The rules of supply and demand don't discriminate, and commercial real estate is in short supply. What little space is available is often leased before many even know about it, sometimes even before ground is broken on new construction. With such limited vacancy, warehouse rents have skyrocketed with historical increases that are forcing renters to increase client fees in order to continue doing business.
Add to that the ongoing supply chain crisis, which is further straining market conditions, requiring companies to keep more inventory on hand, therefore requiring more warehouse storage. It's a tricky mix. If you've acquired warehouse space in the past two years, this is not news, but it may come as a shock to others. As a brand seeking new or more space, here are some ways to mitigate costs.
Don't wait for new fees to hit.
Talk to your warehouse partner to get a handle on where your rents are headed and figure out how to start increasing your prices using methods that are digestible for your customers. For example, add value for them in ways that don't hurt your profit margins, such as creating product bundles with slow- or non-moving inventory. This is a total win-win because your customers are receiving value in the form of goods and experience, and you're able to move items you'd otherwise have to pay to store or liquidate.
Another option is to raise prices only on certain items--specifically fast-moving products that account for a large portion of sales. This minimizes the potential for ruffling customers' feathers while maximizing additional revenue potential.
Or, instead of product price increases, initiate a flat fee that covers rising costs. Take this opportunity to be transparent with customers, as it's something they truly value. By explaining why costs have increased, you're providing them with information and respect, paving the way for them to digest and accept this change more easily rather that feeling duped or blindsided by any cost increases.
Get rid of sluggish inventory.
There are few things more detrimental to the success of a retail business than slow or non-moving inventory. The longer inventory sits, the more expensive it becomes, and the higher the risk of it becoming outdated.
Generally speaking--not taking into account niche retail categories--SKUs that haven't moved in 90-plus days are dead weight. This stock becomes an excessive expense because it ties up capital you could be investing in more productive avenues while occupying increasingly expensive warehouse space.
Understanding your customer base is the key to unlocking the best ways to offload these leftovers. Leverage historical customer data to design and promote targeted discounts, bundling and cross-selling deals to get things moving. Also consider adding lower-value items as a gift-with-purchase.

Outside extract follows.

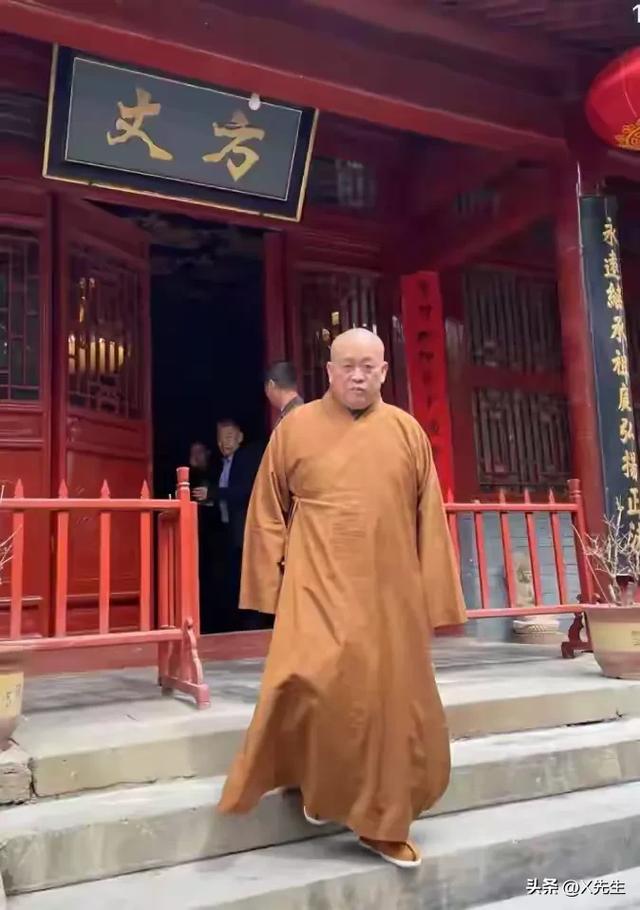 释永信与95后美女合影，对方长得漂亮，身材火辣，大长腿抢镜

If there's a chance it might not move anyway, you'll get more value out of the loyalty and retention you'll earn from improving your customers' experience.
Just-in-time (JIT) is an inventory management system that minimizes inventory and increases efficiency. Sounds great, right? It is, but it only succeeds in conjunction with highly accurate demand forecasting. It works by aligning product purchases and deliveries with forecast sales activity, reducing excess storage fees unnecessary inventory costs.
The downside of this system, of course, is that you run the risk of being undersupplied in the event of any supply chain disruptions. But short of that, with a JIT system, you're setting up a process by which your warehouse only receives goods on an as-needed basis for the production process. As such, you avoid superfluous storage costs.
Follow warehouse guidance.
Adhere to the systems and processes your warehouse partner has in place to maximize the picking, packing, and shipping of your orders to customers, improving overall efficiency to ensure incoming products are received and put away as fast as possible. Even though labor is expensive, it's not increasing at the same rate as commercial space.
With so many variables contributing to what happens in the economy, the nature of commercial space is precarious. To offset costs, be as efficient as possible in other areas of operation, and work with your warehouse partner to maintain high visibility--as well as reciprocal generosity--as conditions evolve.